*WHAT IS REQUIRED*
All of the data that follows should be retyped exactly, please, except the pictures.

[[ DATASET EXCERPT open ]]

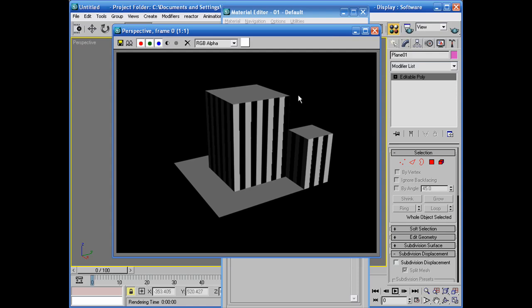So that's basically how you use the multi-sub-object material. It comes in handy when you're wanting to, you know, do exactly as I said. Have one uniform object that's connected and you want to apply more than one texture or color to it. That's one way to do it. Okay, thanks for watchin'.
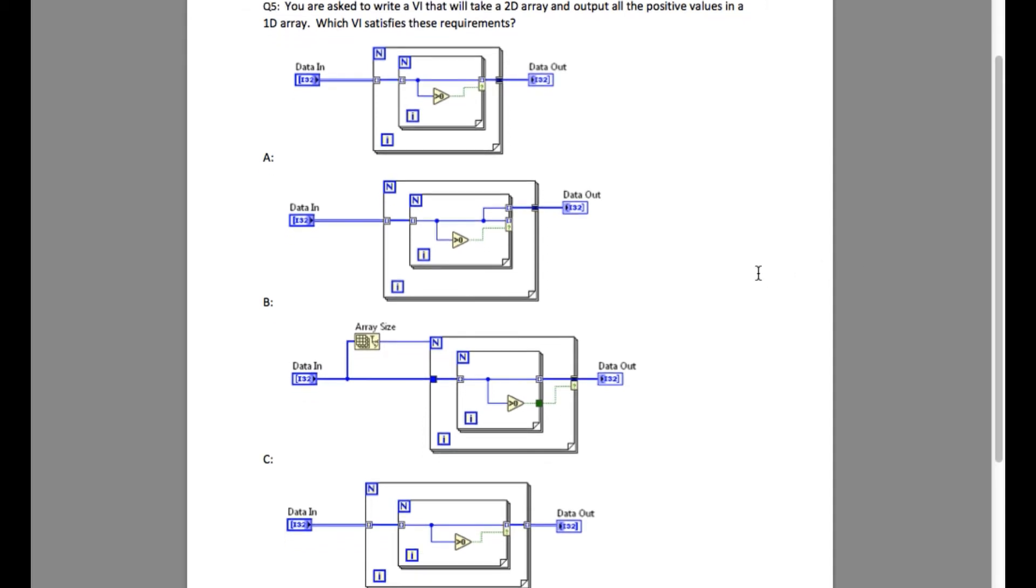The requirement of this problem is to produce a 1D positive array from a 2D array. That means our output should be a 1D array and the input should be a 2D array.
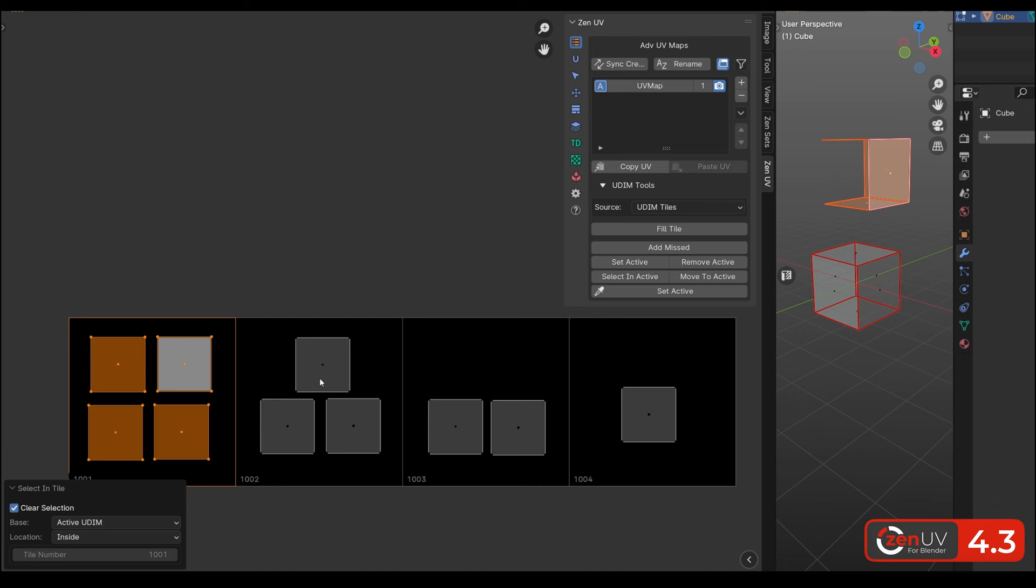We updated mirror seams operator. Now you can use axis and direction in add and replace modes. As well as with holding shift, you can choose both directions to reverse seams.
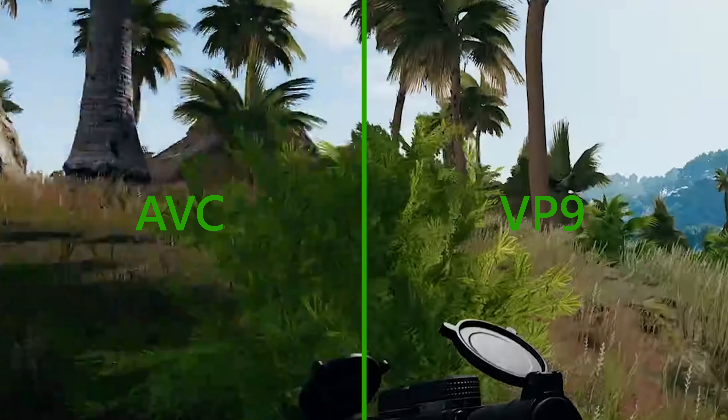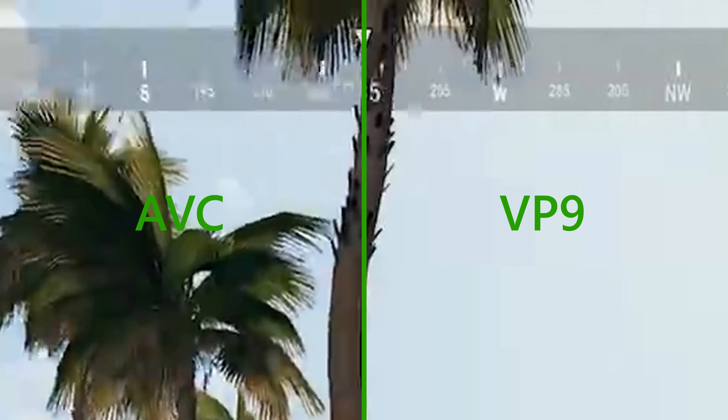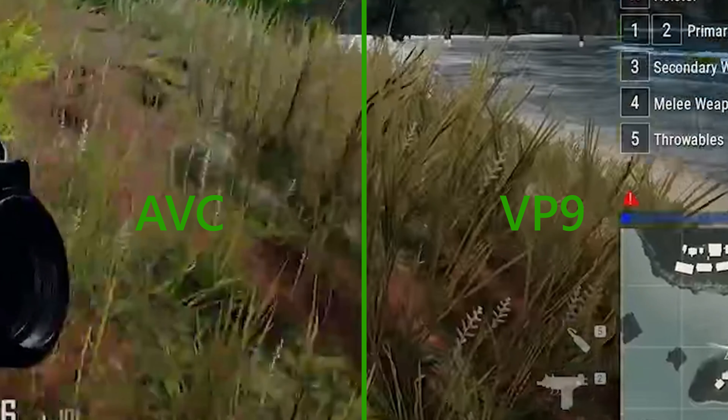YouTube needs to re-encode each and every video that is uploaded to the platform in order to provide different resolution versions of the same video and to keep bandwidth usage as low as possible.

[[ DATASET EXCERPT closed ]]

*YOUR SOLUTION*
So that's basically how you use the multi-sub-object material. It comes in handy when you're wanting to, you know, do exactly as I said. Have one uniform object that's connected and you want to apply more than one texture or color to it. That's one way to do it. Okay, thanks for watchin'.
The requirement of this problem is to produce a 1D positive array from a 2D array. That means our output should be a 1D array and the input should be a 2D array.
We updated mirror seams operator. Now you can use axis and direction in add and replace modes. As well as with holding shift, you can choose both directions to reverse seams.
YouTube needs to re-encode each and every video that is uploaded to the platform in order to provide different resolution versions of the same video and to keep bandwidth usage as low as possible.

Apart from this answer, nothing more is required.